Die EU-Kommission droht der Bundesregierung mit drastischen Strafen, sollten ihre Regeln nicht bald eingehalten werden: An höchstens 35 Tagen im Jahr dürfen 50 Mikrogramm Feinstaub pro Kubikmeter Luft überschritten werden. Bis Ende September wurde die Marke im Stuttgarter Kessel 34 Mal gerissen. In den letzten Jahren gab es Fortschritte, aber das Ziel ist noch nicht in Sicht. Ähnlich dramatisch ist die Stickoxid-Belastung. Wie in Düsseldorf, so hat auch in Stuttgart ein Richter angeordnet, notfalls schon 2018 Verkehrsbeschränkungen zu verhängen. Selbst der grüne Verkehrsminister Winfried Hermann würde auf solch drastische Mittel gern verzichten.

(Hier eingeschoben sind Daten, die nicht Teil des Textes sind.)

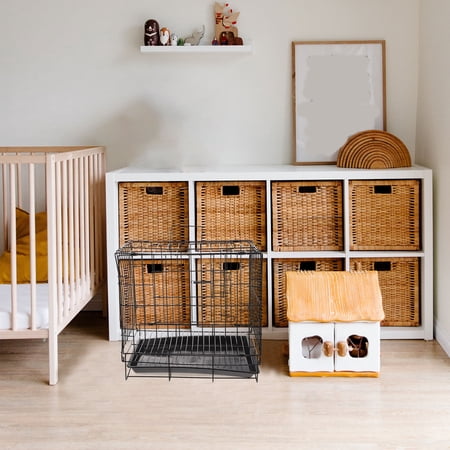 LOLIPPYY 1Set Foldable Dog Metal Kennel Black Pet Cage with Convenient Assembly and Safe Durable Iron Wire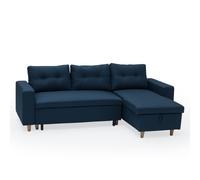 Happy Garden Canapé d'angle Convertible Wade 3 Places en Tissu Bleu. Canapé avec méridienne réversible et Coffre de Rangement.
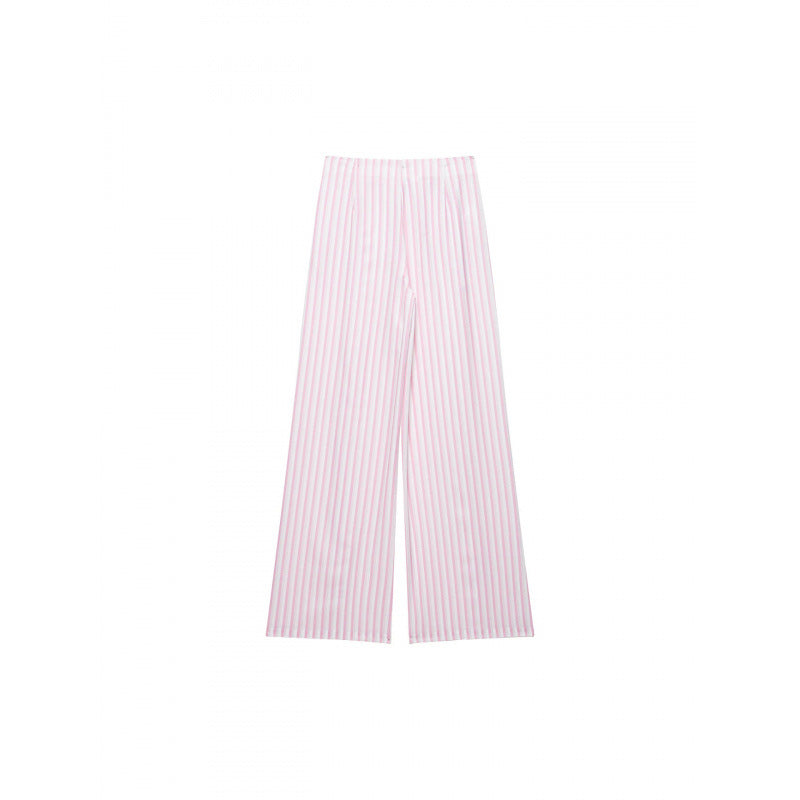 Damen Weite High‑Waist Palazzohose mit Tunnelzug und feinem Streifenmuster Drune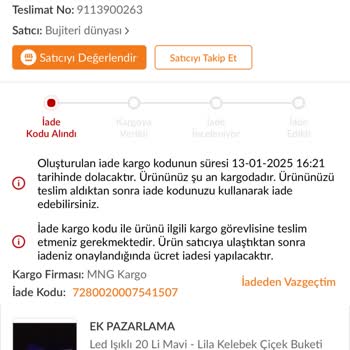 Yanlış Ürün Gönderimi Ve İade Talebi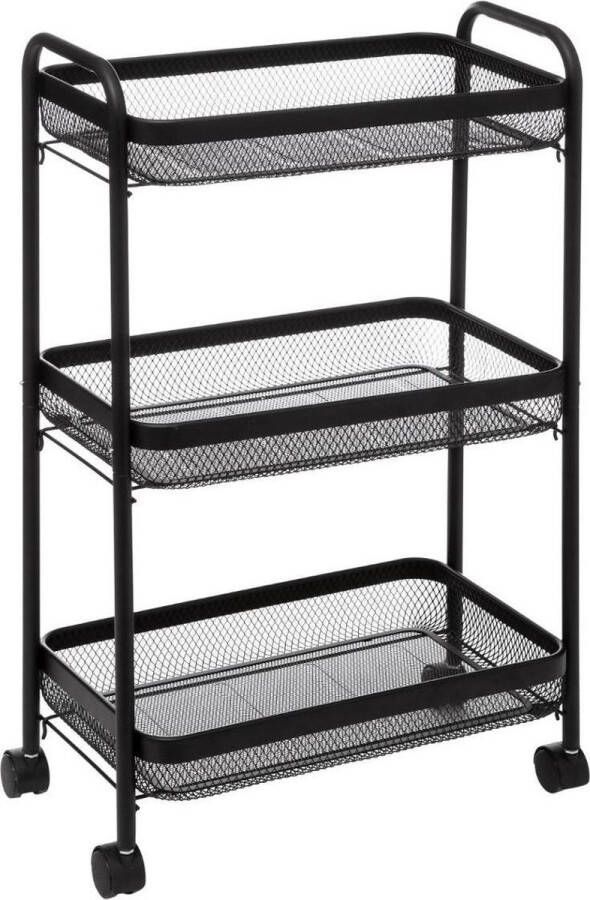 5Five Keukentrolley- zwart mesh metaal 80 x 47 x 27 cm 3 niveaus Maya keukenkast Opberg trolley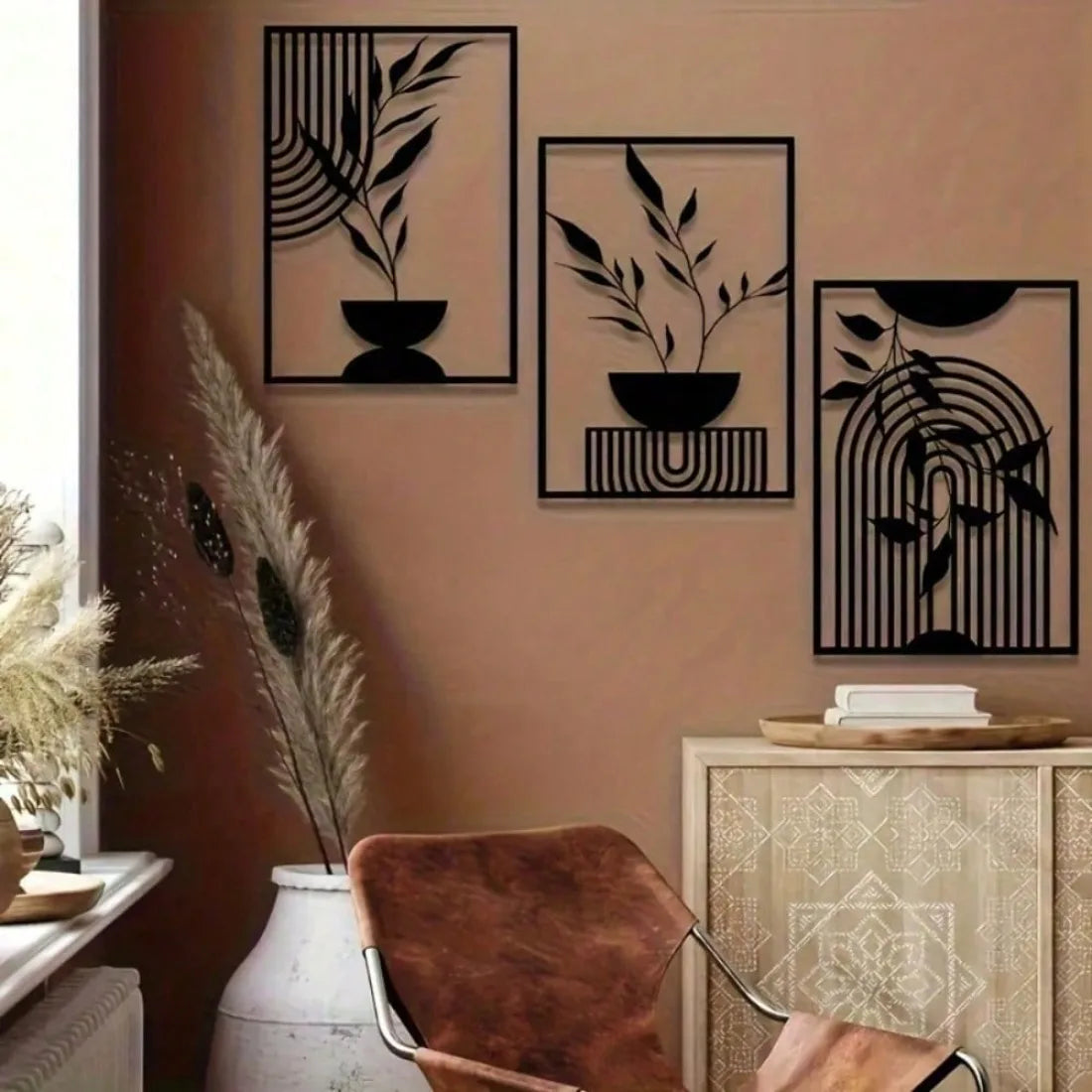 tableaux métalliques abstraits noirs moderne minimaliste intérieur extérieur lignes ondulées chambre salon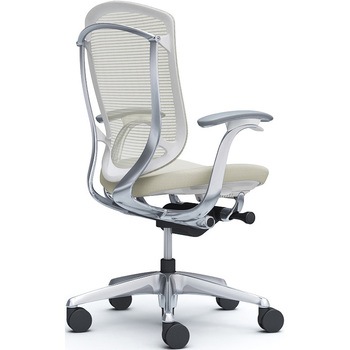 注文コード:62608019 コンテッサセコンダ,固定肘,座クッション,ハイバック5本脚,ポリッシュ,ホワイト,ランバー無ハンガー無 オカムラ(岡村製作所)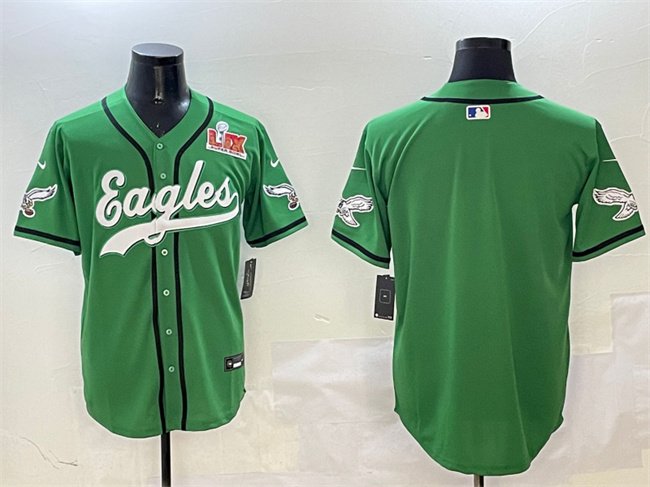 Green Philadelphia Eagles Blank 2025 Super Bowl LIX Patch Stitched Baseball Jersey - PEL123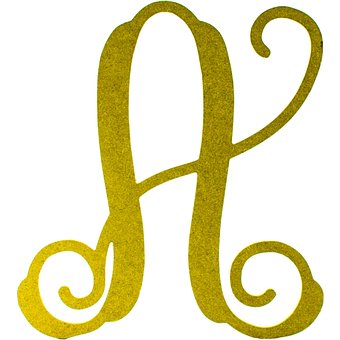 Gold, Ranke, Efeu, Buchstabe, Funkeln, A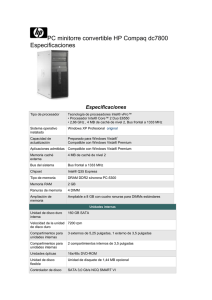 PC minitorre convertible HP Compaq dc7800 Especificaciones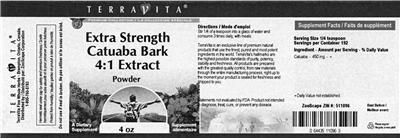 Photo of the TerraVita Extra Strength Catuaba Bark 4:1 Extract Powder label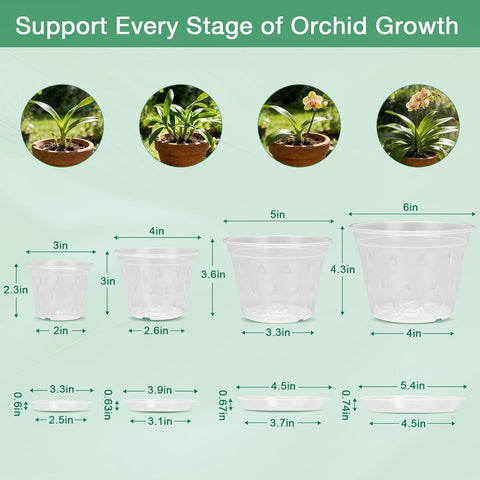 3/4/5/6 Inch Orchid Pot, 12 Pack Clear Orchid Pots with Holes, Saucer and Plant Stakes for Repotting, Plastic Plant Pot for Indoor & Outdoor Plants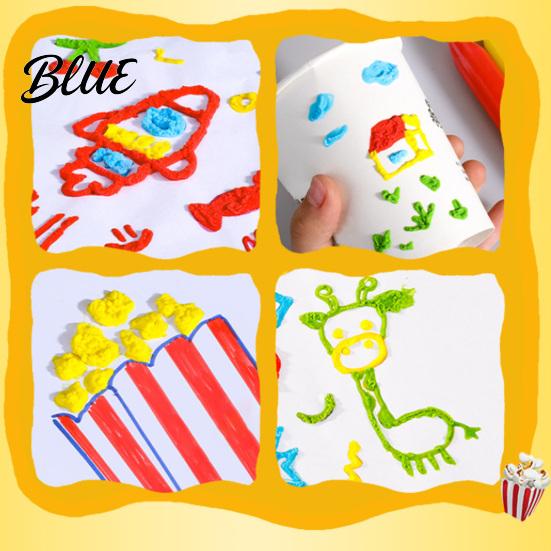 Puffy Texture Art Craft Materials Pens 3D Colors Popcorn Pens 6 Relief Pen for School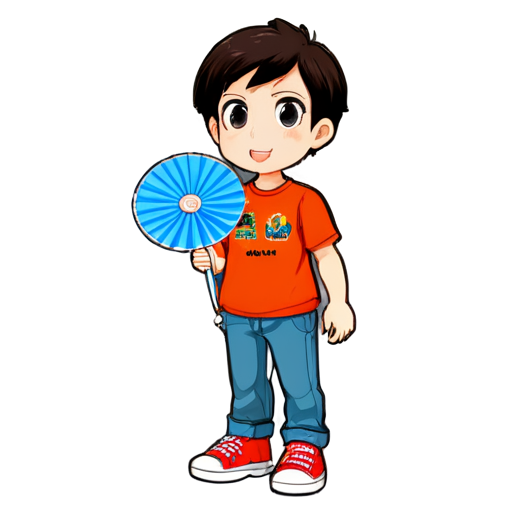 a boy holding a fan written FANBOYS - icon | sticker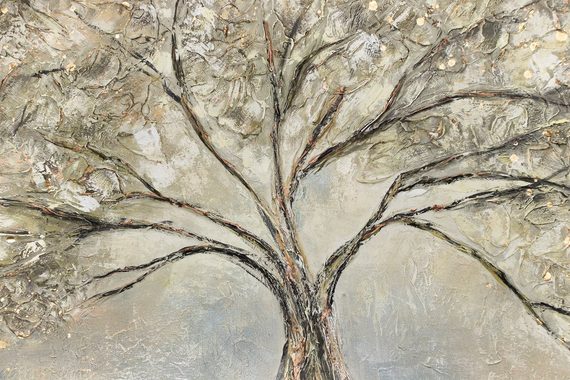 YS-Art Gemälde Goldbaum, Abstrakte Bilder, Leinwand Bild Handgemalt Gold Baum Stammbaum Braun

Einführung einer blauen Plakette

Hermann, derzeit an einer Lungenentzündung erkrankt, will sein Konzept zur Luftreinhaltung am 11. Oktober der CDU präsentieren. Es wird vermutlich vom Ausbau des öffentlichen Verkehrs die Rede sein, von E-Mobilität, bestimmt aber von der Einführung einer "blauen Plakette". Sie würde Dieselfahrzeugen strenge Abgasnormen (Euro 6) abverlangen und gilt unter Experten als Mittel der Wahl vor allem im Kampf gegen Stickoxide. CDU-Fraktionschef Wolfgang Reinhart fordert Rücksicht auf Gewerbetreibende, deutet aber an, man könne sich bei der Plakette einigen. Alles sei besser als totale Fahrverbote. Allerdings brauche Hermann dafür eine Mehrheit im Bund. Und die ist derzeit nicht in Sicht.

Hermann will diese Woche bei der Verkehrsministerkonferenz in Stuttgart für die Plakette werben, gemeinsam mit Hessen und Bremen. Doch nicht nur Bundesverkehrsminister Alexander Dobrindt (CSU), sondern auch SPD-geführte Länder winken ab. Moderne Dieselfahrzeuge anzuschaffen, kostet Geld, und nicht überall gibt es so viel Moos wie in Baden-Württemberg.